------ Provided information ------

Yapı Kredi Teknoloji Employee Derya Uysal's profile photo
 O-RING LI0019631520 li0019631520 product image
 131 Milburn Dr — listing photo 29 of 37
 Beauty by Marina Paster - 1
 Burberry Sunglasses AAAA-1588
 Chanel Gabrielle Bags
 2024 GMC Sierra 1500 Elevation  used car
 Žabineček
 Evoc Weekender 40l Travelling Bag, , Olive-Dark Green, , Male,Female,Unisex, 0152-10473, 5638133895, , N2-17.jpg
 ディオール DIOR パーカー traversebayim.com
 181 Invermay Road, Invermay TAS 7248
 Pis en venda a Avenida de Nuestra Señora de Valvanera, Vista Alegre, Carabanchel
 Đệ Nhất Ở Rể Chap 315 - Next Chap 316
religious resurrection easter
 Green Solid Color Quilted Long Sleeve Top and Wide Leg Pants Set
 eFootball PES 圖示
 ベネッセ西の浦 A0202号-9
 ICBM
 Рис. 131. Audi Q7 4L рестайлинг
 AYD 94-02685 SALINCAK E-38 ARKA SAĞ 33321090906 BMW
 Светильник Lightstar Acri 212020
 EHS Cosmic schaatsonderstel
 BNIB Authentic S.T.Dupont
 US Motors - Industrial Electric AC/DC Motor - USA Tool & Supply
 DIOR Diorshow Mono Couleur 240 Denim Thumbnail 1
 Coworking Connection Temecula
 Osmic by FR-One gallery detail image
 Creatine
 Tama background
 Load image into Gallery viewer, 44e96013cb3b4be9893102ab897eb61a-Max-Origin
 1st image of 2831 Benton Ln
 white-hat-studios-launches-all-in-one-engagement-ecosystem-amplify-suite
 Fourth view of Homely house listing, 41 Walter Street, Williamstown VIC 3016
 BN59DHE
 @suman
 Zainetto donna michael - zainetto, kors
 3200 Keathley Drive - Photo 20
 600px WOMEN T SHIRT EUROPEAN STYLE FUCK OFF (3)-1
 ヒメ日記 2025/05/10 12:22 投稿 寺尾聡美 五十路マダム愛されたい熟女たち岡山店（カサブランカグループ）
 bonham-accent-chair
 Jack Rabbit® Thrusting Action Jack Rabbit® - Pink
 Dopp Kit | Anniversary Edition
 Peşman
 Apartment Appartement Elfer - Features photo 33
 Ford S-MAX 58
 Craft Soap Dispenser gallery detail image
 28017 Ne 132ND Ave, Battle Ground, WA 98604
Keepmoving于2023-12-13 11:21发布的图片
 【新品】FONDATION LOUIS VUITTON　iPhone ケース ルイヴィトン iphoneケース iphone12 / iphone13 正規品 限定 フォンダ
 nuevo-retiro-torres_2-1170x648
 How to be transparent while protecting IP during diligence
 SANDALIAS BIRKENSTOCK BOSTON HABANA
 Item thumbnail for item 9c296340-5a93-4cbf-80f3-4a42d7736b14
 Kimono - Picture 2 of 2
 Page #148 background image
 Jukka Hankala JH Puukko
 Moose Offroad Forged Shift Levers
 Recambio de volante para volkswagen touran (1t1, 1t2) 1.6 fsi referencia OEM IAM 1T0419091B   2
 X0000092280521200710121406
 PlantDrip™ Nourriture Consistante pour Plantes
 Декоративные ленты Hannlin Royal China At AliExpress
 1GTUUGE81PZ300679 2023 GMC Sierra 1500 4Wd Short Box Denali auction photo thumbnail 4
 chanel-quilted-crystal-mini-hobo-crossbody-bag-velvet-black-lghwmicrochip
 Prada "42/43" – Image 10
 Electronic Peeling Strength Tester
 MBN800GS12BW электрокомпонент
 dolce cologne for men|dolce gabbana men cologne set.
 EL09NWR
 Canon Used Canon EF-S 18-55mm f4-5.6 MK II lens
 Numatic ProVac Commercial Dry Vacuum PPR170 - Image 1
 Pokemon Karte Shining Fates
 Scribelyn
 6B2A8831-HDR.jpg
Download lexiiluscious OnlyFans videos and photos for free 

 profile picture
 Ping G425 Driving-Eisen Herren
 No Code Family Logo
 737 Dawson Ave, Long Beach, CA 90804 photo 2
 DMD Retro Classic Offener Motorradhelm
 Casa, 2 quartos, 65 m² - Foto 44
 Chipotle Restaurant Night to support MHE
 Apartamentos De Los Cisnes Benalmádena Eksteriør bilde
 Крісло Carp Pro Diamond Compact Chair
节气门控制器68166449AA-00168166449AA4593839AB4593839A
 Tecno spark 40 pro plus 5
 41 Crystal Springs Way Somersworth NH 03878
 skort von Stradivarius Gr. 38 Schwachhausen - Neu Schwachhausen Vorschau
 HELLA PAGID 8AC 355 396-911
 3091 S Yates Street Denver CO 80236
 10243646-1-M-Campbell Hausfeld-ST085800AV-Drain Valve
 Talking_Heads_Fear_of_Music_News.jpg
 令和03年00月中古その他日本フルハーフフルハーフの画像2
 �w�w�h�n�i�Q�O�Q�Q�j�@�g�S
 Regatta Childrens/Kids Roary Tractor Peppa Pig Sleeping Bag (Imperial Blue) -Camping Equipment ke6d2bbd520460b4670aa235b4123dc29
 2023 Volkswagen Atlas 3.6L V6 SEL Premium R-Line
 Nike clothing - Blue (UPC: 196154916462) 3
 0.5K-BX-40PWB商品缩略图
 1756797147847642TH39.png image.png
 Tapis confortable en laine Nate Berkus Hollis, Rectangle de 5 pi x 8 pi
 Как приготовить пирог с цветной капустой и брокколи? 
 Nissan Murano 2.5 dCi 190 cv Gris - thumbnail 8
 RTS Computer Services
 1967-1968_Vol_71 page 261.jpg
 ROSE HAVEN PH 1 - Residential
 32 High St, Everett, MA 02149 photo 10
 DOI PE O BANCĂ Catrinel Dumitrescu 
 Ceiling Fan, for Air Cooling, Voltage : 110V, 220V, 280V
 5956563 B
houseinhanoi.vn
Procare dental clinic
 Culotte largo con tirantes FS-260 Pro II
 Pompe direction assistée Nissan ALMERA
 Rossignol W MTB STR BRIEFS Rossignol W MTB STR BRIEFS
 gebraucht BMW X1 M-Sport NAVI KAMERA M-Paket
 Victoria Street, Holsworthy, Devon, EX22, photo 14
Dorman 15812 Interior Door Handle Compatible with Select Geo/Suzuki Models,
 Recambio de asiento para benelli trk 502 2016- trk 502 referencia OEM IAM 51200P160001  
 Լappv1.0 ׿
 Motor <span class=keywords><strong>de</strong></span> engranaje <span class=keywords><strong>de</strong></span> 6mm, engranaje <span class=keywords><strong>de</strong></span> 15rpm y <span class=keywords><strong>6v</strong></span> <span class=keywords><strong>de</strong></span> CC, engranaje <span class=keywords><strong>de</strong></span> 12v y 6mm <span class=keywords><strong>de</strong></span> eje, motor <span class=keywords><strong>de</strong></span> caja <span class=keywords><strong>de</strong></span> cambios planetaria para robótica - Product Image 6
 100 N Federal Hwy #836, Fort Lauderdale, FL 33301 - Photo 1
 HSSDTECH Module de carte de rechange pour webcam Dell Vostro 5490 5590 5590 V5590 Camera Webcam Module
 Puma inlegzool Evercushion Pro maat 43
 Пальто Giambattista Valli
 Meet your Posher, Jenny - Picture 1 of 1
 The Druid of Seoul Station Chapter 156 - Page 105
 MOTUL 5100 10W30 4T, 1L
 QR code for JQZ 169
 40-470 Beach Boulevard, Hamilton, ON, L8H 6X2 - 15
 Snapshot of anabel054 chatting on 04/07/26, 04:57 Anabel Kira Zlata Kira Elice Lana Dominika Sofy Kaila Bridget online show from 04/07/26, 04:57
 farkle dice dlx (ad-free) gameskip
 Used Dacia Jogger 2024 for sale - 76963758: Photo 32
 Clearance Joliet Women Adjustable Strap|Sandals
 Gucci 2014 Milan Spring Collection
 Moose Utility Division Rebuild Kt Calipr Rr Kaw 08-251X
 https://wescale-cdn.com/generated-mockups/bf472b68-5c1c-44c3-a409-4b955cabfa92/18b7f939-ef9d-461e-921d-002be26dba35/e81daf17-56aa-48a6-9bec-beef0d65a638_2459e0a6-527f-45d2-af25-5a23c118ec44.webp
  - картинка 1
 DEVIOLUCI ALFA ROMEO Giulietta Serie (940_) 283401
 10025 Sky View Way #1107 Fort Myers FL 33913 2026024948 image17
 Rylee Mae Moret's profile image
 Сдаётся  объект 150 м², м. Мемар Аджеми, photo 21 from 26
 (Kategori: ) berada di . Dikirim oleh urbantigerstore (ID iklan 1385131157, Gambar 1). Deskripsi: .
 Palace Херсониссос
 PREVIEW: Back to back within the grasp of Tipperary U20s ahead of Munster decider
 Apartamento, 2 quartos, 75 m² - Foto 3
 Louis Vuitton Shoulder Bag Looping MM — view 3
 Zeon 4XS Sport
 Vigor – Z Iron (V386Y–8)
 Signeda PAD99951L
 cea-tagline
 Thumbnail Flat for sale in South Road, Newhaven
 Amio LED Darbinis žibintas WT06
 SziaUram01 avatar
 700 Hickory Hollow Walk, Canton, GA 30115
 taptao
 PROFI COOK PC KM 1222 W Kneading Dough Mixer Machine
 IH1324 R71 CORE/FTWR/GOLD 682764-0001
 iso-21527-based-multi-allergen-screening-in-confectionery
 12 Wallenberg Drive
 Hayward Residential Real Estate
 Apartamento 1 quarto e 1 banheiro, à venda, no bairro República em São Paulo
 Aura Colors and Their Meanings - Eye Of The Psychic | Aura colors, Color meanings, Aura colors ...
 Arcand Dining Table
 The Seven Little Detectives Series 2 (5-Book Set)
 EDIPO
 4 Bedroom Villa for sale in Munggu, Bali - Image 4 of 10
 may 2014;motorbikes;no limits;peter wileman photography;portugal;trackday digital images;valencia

------

» What the task requires
Look above for the line holding "3200 Keathley Drive - Photo 20", then set down exactly that line and every line after it up to and including the line holding "正規品 限定 フォンダ", with nothing else.

» Task solution
 3200 Keathley Drive - Photo 20
 600px WOMEN T SHIRT EUROPEAN STYLE FUCK OFF (3)-1
 ヒメ日記 2025/05/10 12:22 投稿 寺尾聡美 五十路マダム愛されたい熟女たち岡山店（カサブランカグループ）
 bonham-accent-chair
 Jack Rabbit® Thrusting Action Jack Rabbit® - Pink
 Dopp Kit | Anniversary Edition
 Peşman
 Apartment Appartement Elfer - Features photo 33
 Ford S-MAX 58
 Craft Soap Dispenser gallery detail image
 28017 Ne 132ND Ave, Battle Ground, WA 98604
Keepmoving于2023-12-13 11:21发布的图片
 【新品】FONDATION LOUIS VUITTON　iPhone ケース ルイヴィトン iphoneケース iphone12 / iphone13 正規品 限定 フォンダ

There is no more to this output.